Questions d’aide à la réflexion
Que voulez-vous faire/réaliser ?
- Contrer la haine ou faire obstacle à la personne qui l’exprime, la faire taire, contester son opinion, montrer qu’elle est irrationnelle, protéger des gens, responsabiliser, exposer les conséquences de la haine, etc.
- Proposer d’autres visions des choses : montrer une réalité différente, appeler à l’inclusion et à la solidarité en des temps difficiles, évoquer les principes des droits humains et la dignité humaine, inciter à faire preuve d’esprit critique face à des situations complexes, remplacer un stéréotype par une image positive de « l’autre ».
Quel est votre public cible ?
- Répondez-vous à l’auteur d’un message de haine ou souhaitez-vous vous adresser à d’autres personnes (pairs, amis, la (les) victime(s), le grand public) ?
- Comment percevront-ils votre message ?
Comment voulez-vous aider les personnes qui sont ou ont été visées par le message de haine ?
Que savez-vous du groupe pris pour cible et comment voulez-vous le présenter dans votre message ? Quels arguments, données, études et faits existent déjà pour vous aider à analyser et contester les généralisations ?
Quel ton et quel style de langue voulez-vous employer pour y parvenir ?
Que voulez-vous que les gens qui liront votre message fassent ?
Lectures complémentaires
Le manuel Alternatives - Les contre-récits pour combattre le discours de haine explique :
- ce qu’est un récit (ou argument narratif), ses composantes et comment il sert de base à un message ou une image convaincants : chapitre 4, Les récits, p. 59 à 74
- ce que sont des contre-récits et des récits alternatifs (ou arguments narratifs contraires ou différents) et comment les fonder sur les droits humains : chapitre 5, p. 77 à 86.
Repères, un manuel pour l’éducation aux droits de l’homme avec les jeunes présente au chapitre 4 ce qu’impliquent les principes et valeurs des droits humains.
Le manuel Connexions - Manuel pour la lutte contre le discours de haine en ligne par l’éducation aux droits humains propose un résumé des normes des droits humains, en particulier en ce qui concerne les discours de haine, internet et la liberté d’expression.
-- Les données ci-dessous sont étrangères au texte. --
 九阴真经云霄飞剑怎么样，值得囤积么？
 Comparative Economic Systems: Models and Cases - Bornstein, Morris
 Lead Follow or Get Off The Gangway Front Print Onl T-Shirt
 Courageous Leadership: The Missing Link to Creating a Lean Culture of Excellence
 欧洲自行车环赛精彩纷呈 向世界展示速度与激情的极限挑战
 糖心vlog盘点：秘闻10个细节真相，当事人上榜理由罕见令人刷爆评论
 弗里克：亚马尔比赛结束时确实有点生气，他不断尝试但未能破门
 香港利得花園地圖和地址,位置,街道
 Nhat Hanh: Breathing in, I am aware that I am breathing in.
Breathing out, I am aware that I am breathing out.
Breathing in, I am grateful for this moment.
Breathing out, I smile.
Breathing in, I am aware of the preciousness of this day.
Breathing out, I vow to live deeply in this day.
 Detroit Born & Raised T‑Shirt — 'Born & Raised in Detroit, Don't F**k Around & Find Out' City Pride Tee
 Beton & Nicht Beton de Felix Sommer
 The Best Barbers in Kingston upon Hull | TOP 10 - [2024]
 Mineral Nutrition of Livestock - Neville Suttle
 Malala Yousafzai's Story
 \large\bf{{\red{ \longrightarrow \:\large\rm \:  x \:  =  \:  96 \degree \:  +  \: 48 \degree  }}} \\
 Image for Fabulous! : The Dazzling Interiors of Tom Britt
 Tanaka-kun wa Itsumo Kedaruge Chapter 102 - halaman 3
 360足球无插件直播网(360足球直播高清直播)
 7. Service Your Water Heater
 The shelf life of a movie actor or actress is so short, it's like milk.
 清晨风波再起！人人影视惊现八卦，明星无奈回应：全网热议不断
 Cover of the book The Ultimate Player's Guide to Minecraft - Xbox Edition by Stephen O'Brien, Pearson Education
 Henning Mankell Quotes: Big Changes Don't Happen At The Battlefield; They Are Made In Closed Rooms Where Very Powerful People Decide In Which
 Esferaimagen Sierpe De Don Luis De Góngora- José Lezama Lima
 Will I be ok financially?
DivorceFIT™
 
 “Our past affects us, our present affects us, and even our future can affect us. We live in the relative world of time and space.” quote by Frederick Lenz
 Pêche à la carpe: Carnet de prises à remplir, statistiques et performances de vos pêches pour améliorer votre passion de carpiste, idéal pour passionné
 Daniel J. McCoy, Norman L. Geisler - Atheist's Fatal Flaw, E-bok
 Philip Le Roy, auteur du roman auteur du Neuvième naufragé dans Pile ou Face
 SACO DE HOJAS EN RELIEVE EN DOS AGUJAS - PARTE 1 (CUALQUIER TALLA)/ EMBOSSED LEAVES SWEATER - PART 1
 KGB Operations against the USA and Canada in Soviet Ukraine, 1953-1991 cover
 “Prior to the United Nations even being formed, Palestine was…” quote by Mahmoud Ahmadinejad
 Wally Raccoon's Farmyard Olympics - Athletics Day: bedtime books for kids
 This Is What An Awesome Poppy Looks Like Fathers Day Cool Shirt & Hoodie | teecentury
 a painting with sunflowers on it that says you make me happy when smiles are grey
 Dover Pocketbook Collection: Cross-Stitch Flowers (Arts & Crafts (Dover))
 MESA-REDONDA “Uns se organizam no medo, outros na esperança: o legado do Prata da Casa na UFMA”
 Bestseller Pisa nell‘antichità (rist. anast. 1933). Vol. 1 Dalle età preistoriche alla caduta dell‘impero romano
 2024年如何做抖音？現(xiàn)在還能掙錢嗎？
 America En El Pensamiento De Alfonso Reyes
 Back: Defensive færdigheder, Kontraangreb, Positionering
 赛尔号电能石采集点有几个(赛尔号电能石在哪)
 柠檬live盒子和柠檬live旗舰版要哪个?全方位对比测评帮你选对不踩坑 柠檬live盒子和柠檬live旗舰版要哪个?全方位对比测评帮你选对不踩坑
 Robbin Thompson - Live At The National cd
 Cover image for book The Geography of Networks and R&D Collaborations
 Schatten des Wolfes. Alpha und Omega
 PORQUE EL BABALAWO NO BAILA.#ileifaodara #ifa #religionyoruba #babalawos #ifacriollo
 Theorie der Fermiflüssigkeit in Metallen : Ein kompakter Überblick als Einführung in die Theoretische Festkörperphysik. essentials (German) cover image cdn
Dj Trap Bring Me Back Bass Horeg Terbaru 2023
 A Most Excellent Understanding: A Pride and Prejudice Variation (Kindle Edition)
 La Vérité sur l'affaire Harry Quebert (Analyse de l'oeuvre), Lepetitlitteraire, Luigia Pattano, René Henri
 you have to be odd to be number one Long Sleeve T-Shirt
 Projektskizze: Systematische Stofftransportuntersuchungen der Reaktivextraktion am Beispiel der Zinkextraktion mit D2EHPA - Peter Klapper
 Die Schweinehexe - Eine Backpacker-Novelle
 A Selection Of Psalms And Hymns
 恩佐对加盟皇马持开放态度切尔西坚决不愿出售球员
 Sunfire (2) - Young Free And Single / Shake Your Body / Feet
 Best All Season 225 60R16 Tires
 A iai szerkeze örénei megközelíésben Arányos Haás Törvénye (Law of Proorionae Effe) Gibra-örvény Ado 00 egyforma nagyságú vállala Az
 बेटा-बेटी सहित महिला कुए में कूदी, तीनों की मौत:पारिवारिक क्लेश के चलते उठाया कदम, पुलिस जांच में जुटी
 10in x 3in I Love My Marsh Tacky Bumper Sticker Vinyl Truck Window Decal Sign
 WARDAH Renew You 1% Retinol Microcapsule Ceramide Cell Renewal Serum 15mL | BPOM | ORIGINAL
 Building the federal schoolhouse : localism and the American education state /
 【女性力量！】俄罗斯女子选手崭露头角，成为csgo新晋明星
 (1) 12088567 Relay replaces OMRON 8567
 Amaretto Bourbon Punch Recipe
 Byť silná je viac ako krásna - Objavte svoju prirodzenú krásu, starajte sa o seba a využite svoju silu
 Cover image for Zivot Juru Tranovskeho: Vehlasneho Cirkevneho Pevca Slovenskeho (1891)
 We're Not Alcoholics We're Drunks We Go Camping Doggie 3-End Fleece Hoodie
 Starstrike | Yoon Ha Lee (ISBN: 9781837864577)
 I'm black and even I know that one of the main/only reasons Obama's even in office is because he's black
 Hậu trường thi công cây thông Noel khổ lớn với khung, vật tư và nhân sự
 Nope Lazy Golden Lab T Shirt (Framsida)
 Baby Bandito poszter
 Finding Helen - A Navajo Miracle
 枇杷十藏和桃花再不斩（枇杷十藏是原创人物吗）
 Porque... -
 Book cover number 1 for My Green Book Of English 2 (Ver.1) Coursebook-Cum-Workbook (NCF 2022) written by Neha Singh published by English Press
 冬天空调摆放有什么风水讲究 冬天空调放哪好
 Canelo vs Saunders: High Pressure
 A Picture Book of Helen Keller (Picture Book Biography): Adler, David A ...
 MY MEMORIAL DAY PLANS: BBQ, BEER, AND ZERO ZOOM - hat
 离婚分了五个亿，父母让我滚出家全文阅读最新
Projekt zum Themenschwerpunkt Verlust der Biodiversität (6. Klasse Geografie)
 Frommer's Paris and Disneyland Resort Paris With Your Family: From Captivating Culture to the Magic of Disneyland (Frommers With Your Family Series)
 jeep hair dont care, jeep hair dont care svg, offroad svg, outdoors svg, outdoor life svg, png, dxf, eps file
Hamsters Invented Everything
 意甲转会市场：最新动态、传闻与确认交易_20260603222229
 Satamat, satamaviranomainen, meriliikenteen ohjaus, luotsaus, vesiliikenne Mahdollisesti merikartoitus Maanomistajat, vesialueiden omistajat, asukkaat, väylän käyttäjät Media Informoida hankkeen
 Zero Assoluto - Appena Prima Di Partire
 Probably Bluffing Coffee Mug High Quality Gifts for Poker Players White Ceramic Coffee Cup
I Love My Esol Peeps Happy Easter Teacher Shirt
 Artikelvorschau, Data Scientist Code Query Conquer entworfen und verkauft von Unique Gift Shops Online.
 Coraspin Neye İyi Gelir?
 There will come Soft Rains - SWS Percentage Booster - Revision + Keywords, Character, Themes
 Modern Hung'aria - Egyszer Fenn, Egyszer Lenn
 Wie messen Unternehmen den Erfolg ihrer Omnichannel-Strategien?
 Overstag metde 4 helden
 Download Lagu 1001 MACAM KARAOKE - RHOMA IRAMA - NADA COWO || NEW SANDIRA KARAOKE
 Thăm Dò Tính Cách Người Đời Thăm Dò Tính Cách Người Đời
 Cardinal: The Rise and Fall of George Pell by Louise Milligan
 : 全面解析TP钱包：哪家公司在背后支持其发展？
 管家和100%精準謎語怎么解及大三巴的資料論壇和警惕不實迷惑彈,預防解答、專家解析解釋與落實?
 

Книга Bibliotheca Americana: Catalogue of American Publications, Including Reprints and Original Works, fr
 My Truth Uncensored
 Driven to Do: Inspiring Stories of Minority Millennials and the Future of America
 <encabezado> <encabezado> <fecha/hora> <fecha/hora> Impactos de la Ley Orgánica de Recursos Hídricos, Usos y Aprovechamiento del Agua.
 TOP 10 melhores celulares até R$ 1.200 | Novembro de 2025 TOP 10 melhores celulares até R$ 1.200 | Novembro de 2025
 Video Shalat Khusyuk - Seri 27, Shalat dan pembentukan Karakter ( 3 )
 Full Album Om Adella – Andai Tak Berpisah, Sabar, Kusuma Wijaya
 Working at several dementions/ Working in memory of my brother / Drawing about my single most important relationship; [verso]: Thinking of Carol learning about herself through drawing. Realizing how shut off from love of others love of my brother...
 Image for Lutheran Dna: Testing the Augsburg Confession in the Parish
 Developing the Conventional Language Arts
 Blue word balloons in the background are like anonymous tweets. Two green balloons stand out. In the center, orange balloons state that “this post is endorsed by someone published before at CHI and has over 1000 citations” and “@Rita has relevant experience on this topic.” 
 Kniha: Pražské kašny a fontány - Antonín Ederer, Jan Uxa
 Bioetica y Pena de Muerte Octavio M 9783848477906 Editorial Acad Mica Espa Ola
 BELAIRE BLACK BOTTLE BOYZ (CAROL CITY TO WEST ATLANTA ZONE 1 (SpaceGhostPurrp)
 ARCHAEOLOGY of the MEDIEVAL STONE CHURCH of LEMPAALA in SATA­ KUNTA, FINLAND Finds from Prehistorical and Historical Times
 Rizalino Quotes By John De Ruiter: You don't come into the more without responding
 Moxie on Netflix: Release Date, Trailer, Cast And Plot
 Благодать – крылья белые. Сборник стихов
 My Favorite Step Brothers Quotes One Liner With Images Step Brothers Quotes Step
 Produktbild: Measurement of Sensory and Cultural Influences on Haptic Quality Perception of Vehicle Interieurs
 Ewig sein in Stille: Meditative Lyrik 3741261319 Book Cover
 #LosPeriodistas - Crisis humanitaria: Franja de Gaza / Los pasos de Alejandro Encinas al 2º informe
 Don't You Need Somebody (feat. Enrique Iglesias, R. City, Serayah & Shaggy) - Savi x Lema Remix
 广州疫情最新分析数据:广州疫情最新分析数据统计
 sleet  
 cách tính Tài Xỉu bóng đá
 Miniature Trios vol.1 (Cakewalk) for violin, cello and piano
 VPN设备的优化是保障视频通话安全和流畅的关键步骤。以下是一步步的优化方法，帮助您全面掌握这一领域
Voir Connexions, chapitre 5.2 et 5.3, p. 170 à 181.
Vous pouvez décider qu’il est nécessaire d’agir par d’autres moyens, comme l’éducation, etc. Si l’utilisation d’arguments narratifs fondés sur les droits humains est tout aussi pertinente dans ce type d’action, il est utile de se demander ce que serait la meilleure réponse et ce qui convient le mieux à votre situation.